Llegué,
borracho, a la casa de mi responsable de formación. Era de noche,
hacía frío, había emprendido una larga caminata. Toqué timbre y
ni pensé en que le iba a decir cuando abriera la puerta. Tal vez
no esté y todo sea mejor así, recuerdo que pensé. Pero el
timbre sonó, él atendió y al ver que era yo se puso una campera y
recorrió el largo pasillo para abrirme y hacerme pasar.
Tomamos
unos mates, como siempre, y nos pusimos a charlar.
Cacho
era un militante montonero que había dado sus primeros pasos en la
política de la mano de las acciones de propaganda armada
desarrolladas contra la última dictadura cívico-militar en la zona
sur del conurbano bonaerense. Entonces intentaba reponerse de los
dolores que le provocaba –a él, a los de su generación-- la caída
de los ladrillos del muro de Berlín sobre sus cabezas. Una forma de
conjurar la desolación del neoliberalismo, la angustia que para
tantos peronistas había implicado la aplicación de políticas
anti-populares por parte del gobierno justicialista de Carlos Saúl
Menem, era contribuir a la formación de las nuevas generaciones
militantes.
Era
la primera vez que asistía a la casa de un compañero en estado de
ebriedad. Y una de las primeras que visitaba a Cacho por fuera de los
encuentros de formación. Creo que dije que andaba por ahí y se me
dio por pasar a saludar, o una vil excusa similar. En el camino crucé
alguna de aquellas pintadas realizadas sobre paredones con aerosol
que tenían más que ver con la juventud de Cacho que con la mía.

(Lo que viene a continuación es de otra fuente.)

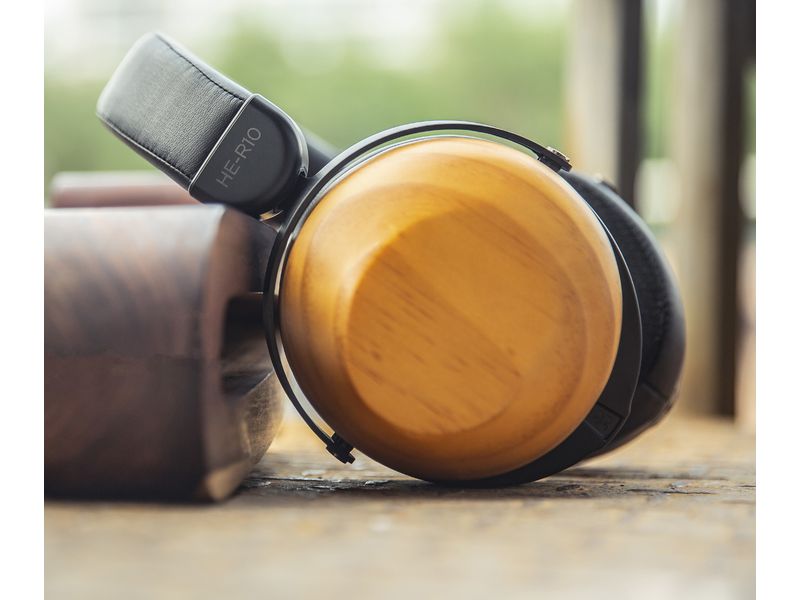 Hifiman Over-Ear-Kopfhörer HE-R10D Schwarz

Recuerdo que esa observación logró quitarme por un instante del
estado taciturno en el que me encontraba. Me llamaba la atención que
pasaran dos décadas y una pared siguiera exactamente igual.
Sentado
sobre una silla, las manos sobre el mate, miré a Cacho y dije algo
que aún no recuerdo. Tenía, en ese momento, 17, acaso 18 años.

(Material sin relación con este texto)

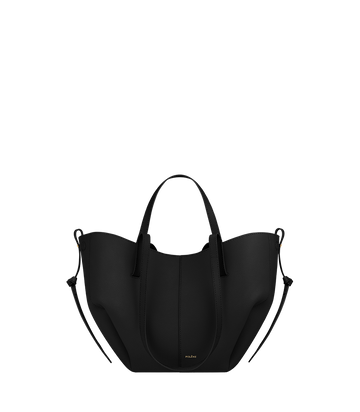 Cyme Mini - Grained Black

Había padecido un duro golpe anímico y el dolor por un amor perdido
era tema difícil para sacar en una conversación ante un responsable
de formación política veinte años mayor. Así que no se bien qué
le dije. Sólo recuerdo que el me preguntó si quería ver una
película. Le dije que sí. Él buscó entre la pila de VHS una, la
sacó de la cajita y la puso en la video-casetera. Encendió la tele
y así, los dos en silencio, compartimos esa jornada que fue para mí
una gran actividad de formación.
Salí
a la noche fría pensativo. Me puse los guantes, el gorro de lana y
la chalina y emprendí la caminata, en plena madrugada, silvando
“Sandokan”, la canción de base de Nos habíamos amado tanto, el
film de Ettore Scola de 1974 (https://www.youtube.com/watch?v=ojPJgIPTR10).
Transitaba
así uno de mis primeros pasos en la educación sentimental.
Es hermoso lo que has escrito. Y esa película de Scola es muy amena pero tiene muchos elementos de formación política. LA letra de "Sandokan" es una belleza, y nos puede expresar tanto a los argentinos en lucha como a cualquier pueblo que lo haga. Un abrazo desde Quilmes.